A millennium bug related problem has caused the Inland Revenue’s (IR’s) computer system to fail – causing delays and uncertainties for around 900,000 self-assessment taxpayers.
Embarrassed IR officials confirmed this week that the computers would not be up and running again until mid-June at the earliest.
The confession emerged as the IR admitted it was unable to guarantee its e-filing software against errors, leaving the taxpayer ultimately responsible for their own tax affairs.
Technical glitches relating to the IR’s recently installed millennium compliant software, means it is unable to process 1999/2000 self-assessment tax returns.
IR offices are set to be flooded with taxpayers sending back their returns before the 30 September deadline, a submission date which taxpayers have to meet if the IR is to calculate the tax they owe.

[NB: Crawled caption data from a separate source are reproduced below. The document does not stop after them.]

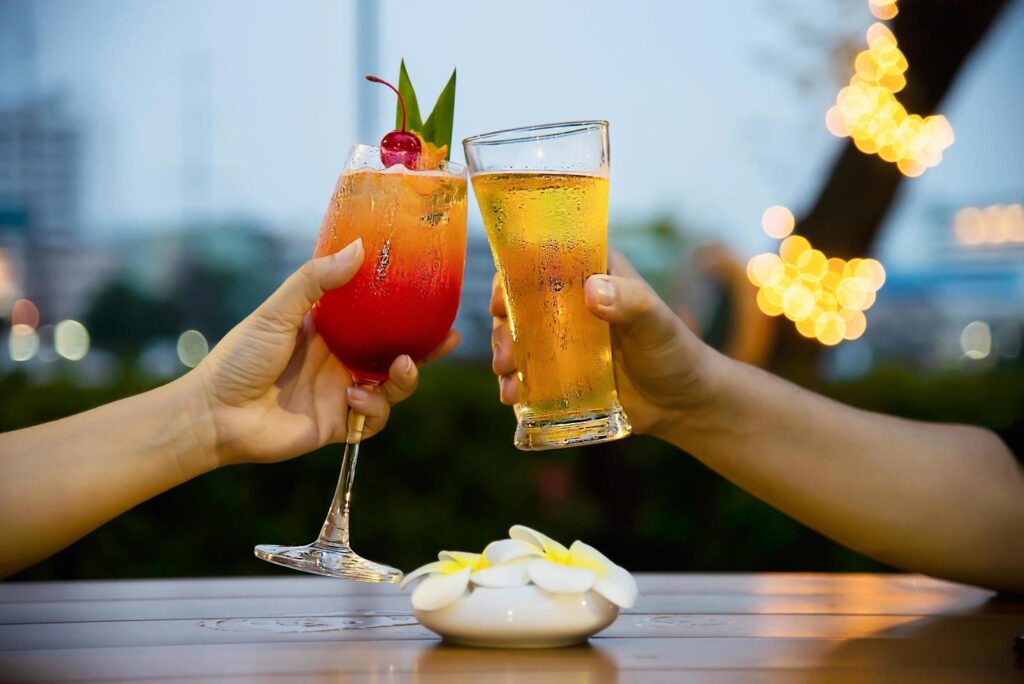 Couple celebration in restaurant with soft drink beer and mai tai or mai thai – happy lifestyle people with soft drink concept Stock Free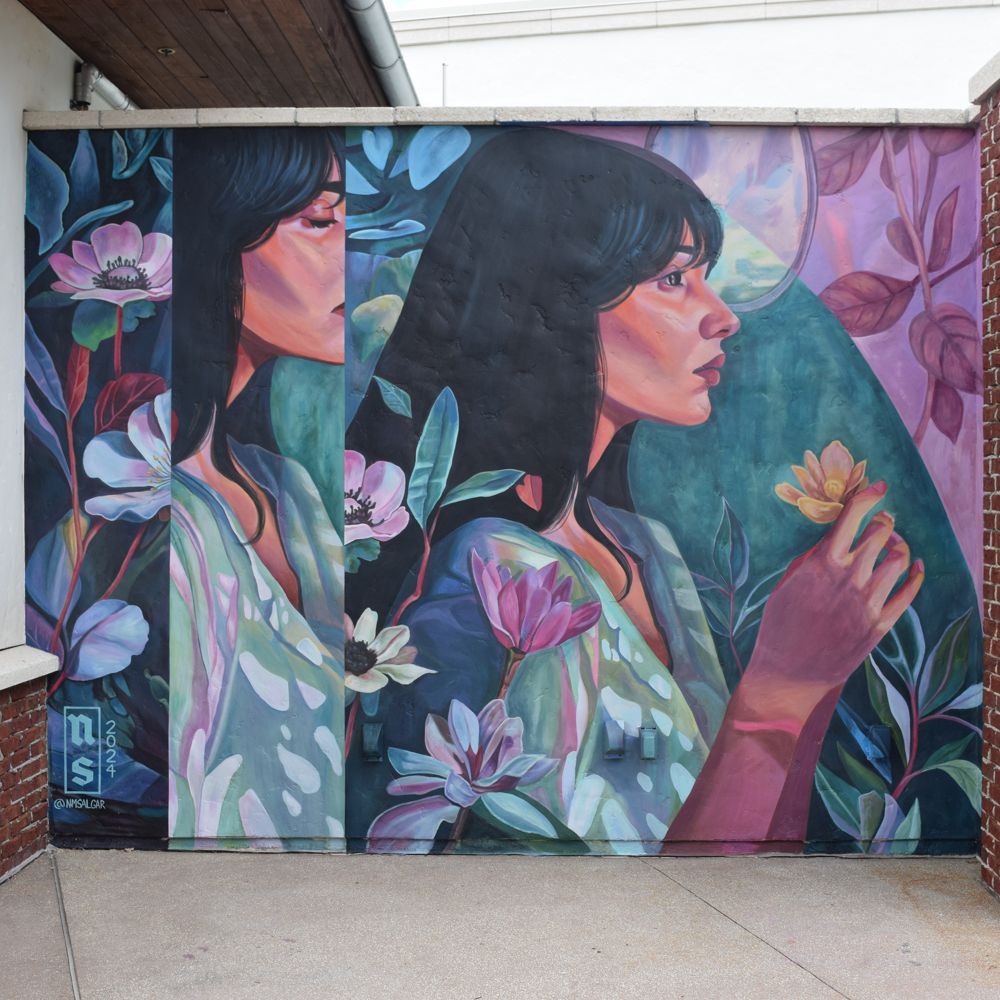A mural against a brick wall by Nicole Salgar featuring 2 profiles of a woman surrounded by flowers and foliage, holding a flower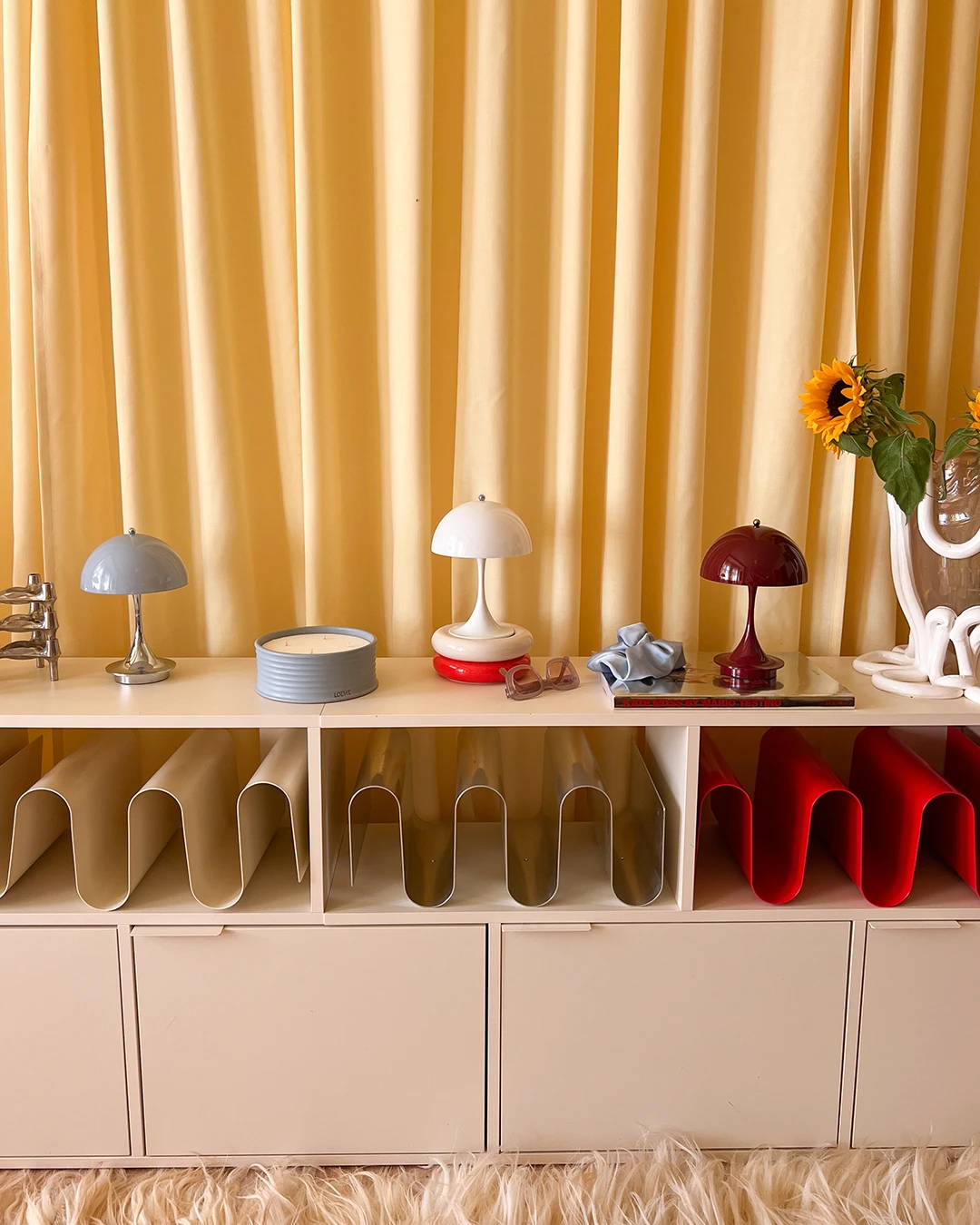 Three Panthella 160 Portable lamps in Chrome Blue Opal, White, and Burgundy on shelf, © 2025 Louis Poulsen.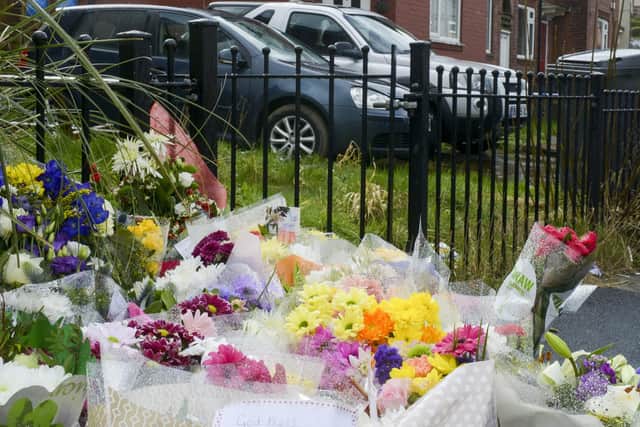 Flowers laid at scene of a murder on Woodthorpe Road in Sheffield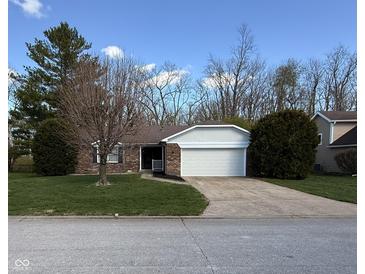Charming single-story brick home featuring an attached two-car garage and well-maintained landscaping at 1348 Secretariat Ln, Indianapolis, IN 46217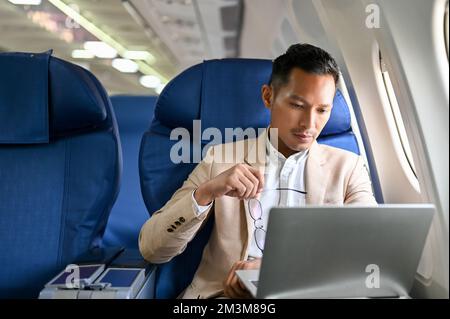 Professioneller und fokussierter asiatischer Geschäftsmann in einem formellen Business-Anzug hält seine Brille und benutzt während des Fluges einen Laptop. Stockfoto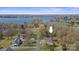 Aerial view showcasing a home near a lake, surrounded by lush greenery and mature trees at 118 Lakewood Dr, Kings Mountain, NC 28086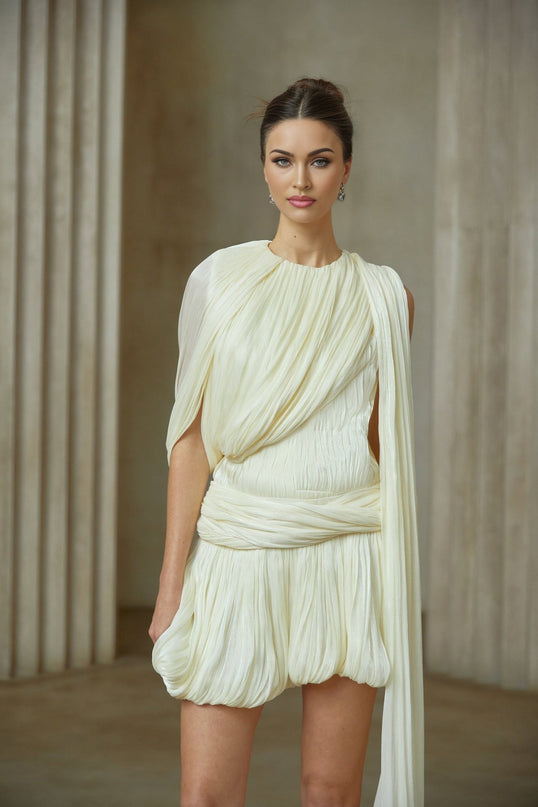 Cassidy Neutrals Pleated Mini Dress with Glitter-Accented Bubble Hem and Asymmetrical Twist Detailing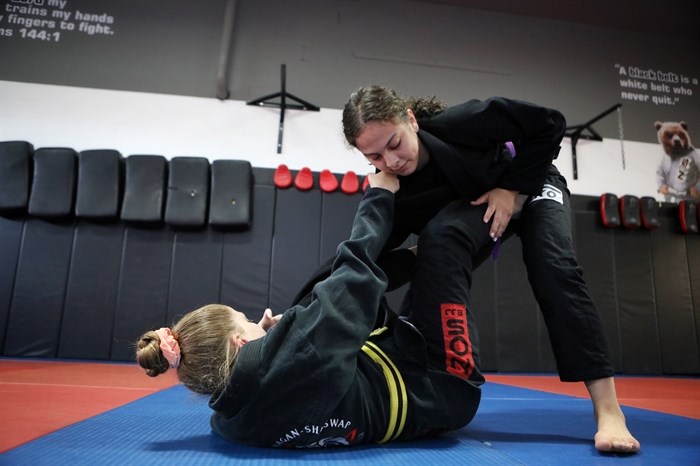 Lillian Marchand trains with one of her students, Taylor Vanderwal, at the North Okanagan-Shuswap Jiu Jitsu and Mixed Martial Arts club in syilx homelands on June 28, 2023.
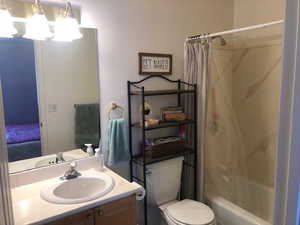 Bathroom featuring toilet, shower / tub combo,  and vanity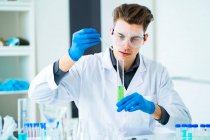 Giovane scienziato miscelazione di sostanze chimiche in cilindro graduato in laboratorio — Foto stock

An IR spokeswoman said only self-assessment returns would be affected, and added: “Every year we upgrade our systems with new software packages. But because of Year 2000 implications, the upgrade has taken us longer to finish due to technical difficulties.”
“We will have a backlog, but network offices can carry out other work, and tax payers will not notice any problems,” she said. Despite the backlog, the IR insisted that urgent repayment claims would continue to be processed.
The faulty software was developed by US computer giant EDS, and employees from the company are attempting to solve the problems.
Peter Horsman, national tax partner at Saffery Champness, said: “This means that taxpayers have no guarantee that they will not be subject to additional demands for tax, interest, surcharges and penalties as a result of using the IR’s e-filing system.”
An IR spokesman said this week that the department would not assume responsibility for errors caused by the new e-filing scheme, set to start in the new year.
But he said the IR was planning to undertake testing of commercial products to ensure data could be accepted in a suitable format.
But Saffery’s Horsman added that in his experience of using tax software, errors and glitches do occur. “Computers and software are far from error-free and responsibility has to be taken,” he said.
The IR spokesman added that no one would be penalised for making honest mistakes.